__ASSIGNMENT__
Copy each line that includes the string "Pink" from the material into your answer.

╔══

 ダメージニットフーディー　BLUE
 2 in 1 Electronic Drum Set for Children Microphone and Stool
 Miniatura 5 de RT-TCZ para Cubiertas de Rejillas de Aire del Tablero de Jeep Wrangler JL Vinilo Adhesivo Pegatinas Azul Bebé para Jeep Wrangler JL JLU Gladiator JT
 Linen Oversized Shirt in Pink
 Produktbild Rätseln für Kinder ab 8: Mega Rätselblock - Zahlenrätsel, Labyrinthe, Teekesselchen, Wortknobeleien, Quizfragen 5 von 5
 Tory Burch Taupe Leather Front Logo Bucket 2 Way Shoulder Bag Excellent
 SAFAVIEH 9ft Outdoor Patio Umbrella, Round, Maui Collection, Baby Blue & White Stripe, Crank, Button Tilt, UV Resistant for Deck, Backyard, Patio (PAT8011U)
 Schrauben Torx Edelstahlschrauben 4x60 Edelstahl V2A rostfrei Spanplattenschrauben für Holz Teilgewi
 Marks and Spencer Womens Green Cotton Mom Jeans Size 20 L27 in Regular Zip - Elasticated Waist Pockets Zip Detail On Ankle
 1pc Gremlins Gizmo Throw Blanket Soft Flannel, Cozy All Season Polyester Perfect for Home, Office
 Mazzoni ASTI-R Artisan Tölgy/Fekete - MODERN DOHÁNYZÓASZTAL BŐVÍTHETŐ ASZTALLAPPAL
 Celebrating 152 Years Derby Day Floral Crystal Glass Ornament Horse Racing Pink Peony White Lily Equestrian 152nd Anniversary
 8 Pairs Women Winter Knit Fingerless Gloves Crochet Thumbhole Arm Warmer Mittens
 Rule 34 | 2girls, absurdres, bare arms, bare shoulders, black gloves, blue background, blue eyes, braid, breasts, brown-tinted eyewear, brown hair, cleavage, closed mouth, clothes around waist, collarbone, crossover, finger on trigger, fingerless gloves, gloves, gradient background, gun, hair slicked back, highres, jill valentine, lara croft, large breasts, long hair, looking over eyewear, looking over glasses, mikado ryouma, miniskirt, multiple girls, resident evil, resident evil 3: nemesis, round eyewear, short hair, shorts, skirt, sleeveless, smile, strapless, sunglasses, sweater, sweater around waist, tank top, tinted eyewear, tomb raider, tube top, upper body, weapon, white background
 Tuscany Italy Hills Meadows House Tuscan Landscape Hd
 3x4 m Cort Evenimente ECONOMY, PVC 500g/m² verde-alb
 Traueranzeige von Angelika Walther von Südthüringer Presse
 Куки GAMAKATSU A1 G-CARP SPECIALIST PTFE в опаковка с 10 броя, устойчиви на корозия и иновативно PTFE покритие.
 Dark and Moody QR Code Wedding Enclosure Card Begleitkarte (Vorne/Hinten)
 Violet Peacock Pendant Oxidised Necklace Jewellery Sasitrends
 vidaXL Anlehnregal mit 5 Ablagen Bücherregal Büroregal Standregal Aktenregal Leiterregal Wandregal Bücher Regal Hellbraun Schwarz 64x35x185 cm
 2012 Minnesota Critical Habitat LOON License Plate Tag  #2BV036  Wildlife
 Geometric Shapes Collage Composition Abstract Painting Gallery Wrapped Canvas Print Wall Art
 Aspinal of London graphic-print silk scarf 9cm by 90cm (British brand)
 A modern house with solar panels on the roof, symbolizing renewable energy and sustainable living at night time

╚══

__WRITTEN SOLUTION__
 Linen Oversized Shirt in Pink
 Celebrating 152 Years Derby Day Floral Crystal Glass Ornament Horse Racing Pink Peony White Lily Equestrian 152nd Anniversary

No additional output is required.